This research investigated machine learning (ML) for improving dosimeter reading accuracy under new operational quantities from ICRU 95. Qulxel, InLight, and OSLN dosimeters were irradiated with various photon energies, angles, and accumulated doses. Two ML models were developed: ML1 bases on K-means clustering and linear regression, and ML2 with random forest regression. Both models improved dosimeter reading accuracy compared to the existing algorithm, especially for low-energy photons.
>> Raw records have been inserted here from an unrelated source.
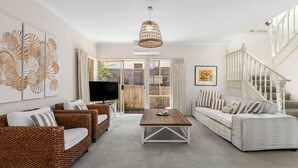 A spacious living room with a large TV, wicker furniture, a white sofa, and a staircase. - The Lighthouse Point Lonsdale (Point Lonsdale)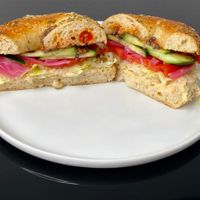 Mediterranean sandwich (minus feta) on a rosemary sea salt bagel (plated at home) at Bloom Bistro & Grocery in Seattle
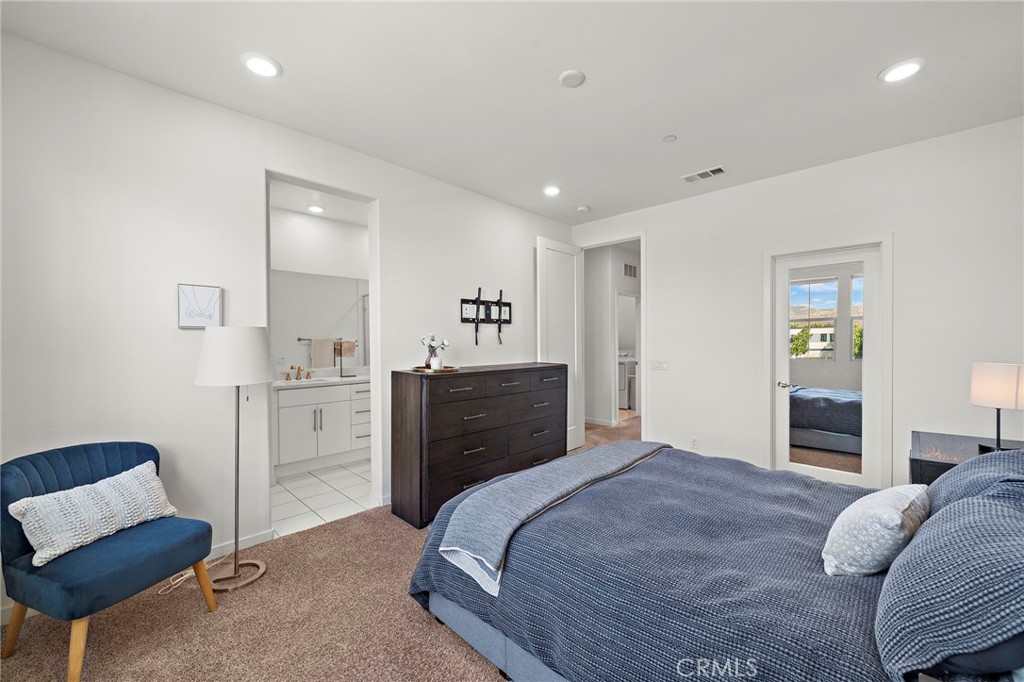 144 Paramount Irvine, CA 92618 - Photo 15 of 43 a bedroom with a bed and furniture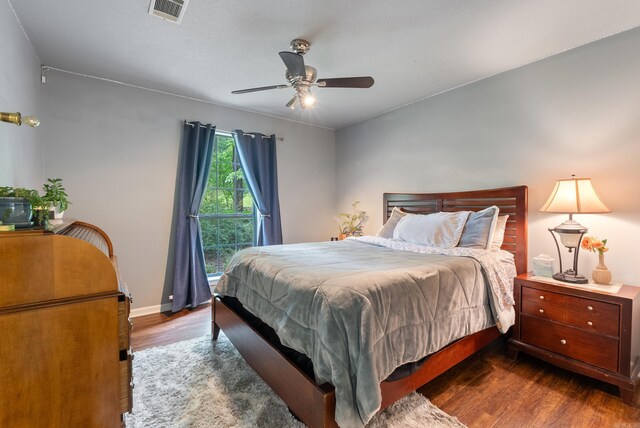 5623 Ridgeway Dr, Benton, AR 72019 - bedroom with wood finished floors, baseboards, and a ceiling fan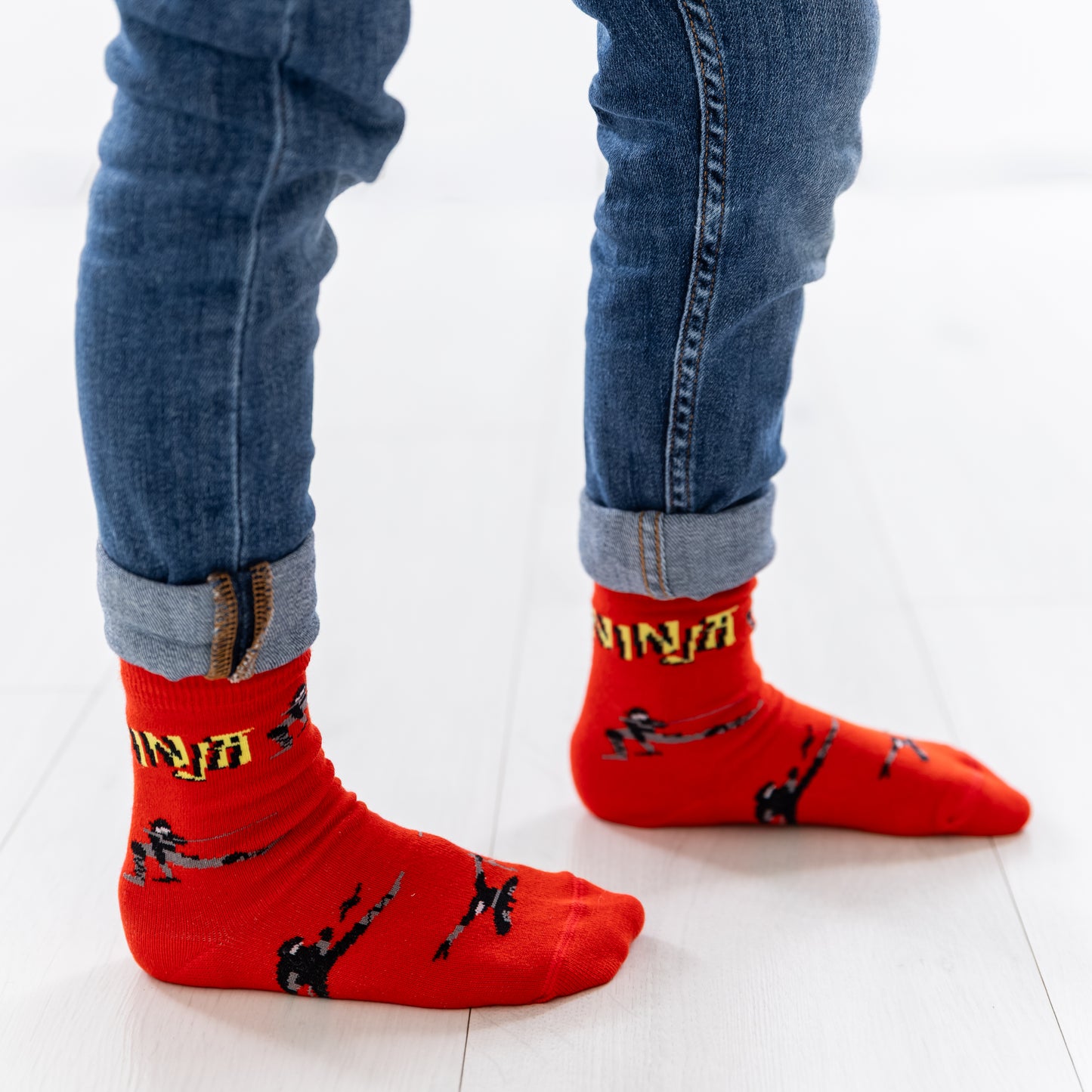 Ein Kind trägt die roten Socken mit schwarzen Ninja-Motiven.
ML2, using key features for predictive dose reading, outperformed ML1. The study suggests that machine learning can be a valuable tool for enhancing dosimeter reading and connecting existing quantities to new quantities smoothly.
提高剂量计读数精度的机器学习方法符合ICRU 95推荐的新操作量
本研究探讨了机器学习(ML)在ICRU 95新操作量下提高剂量计读数精度的方法。用不同的光子能量、角度和累积剂量照射quulxel、InLight和OSLN剂量计。开发了两种机器学习模型:基于k均值聚类和线性回归的ML1和基于随机森林回归的ML2。与现有算法相比,这两种模型都提高了剂量计读数的精度,特别是对于低能光子。ML2使用预测剂量读数的关键功能,优于ML1。该研究表明,机器学习可以成为提高剂量计读数和将现有数量与新数量顺利连接的有价值的工具。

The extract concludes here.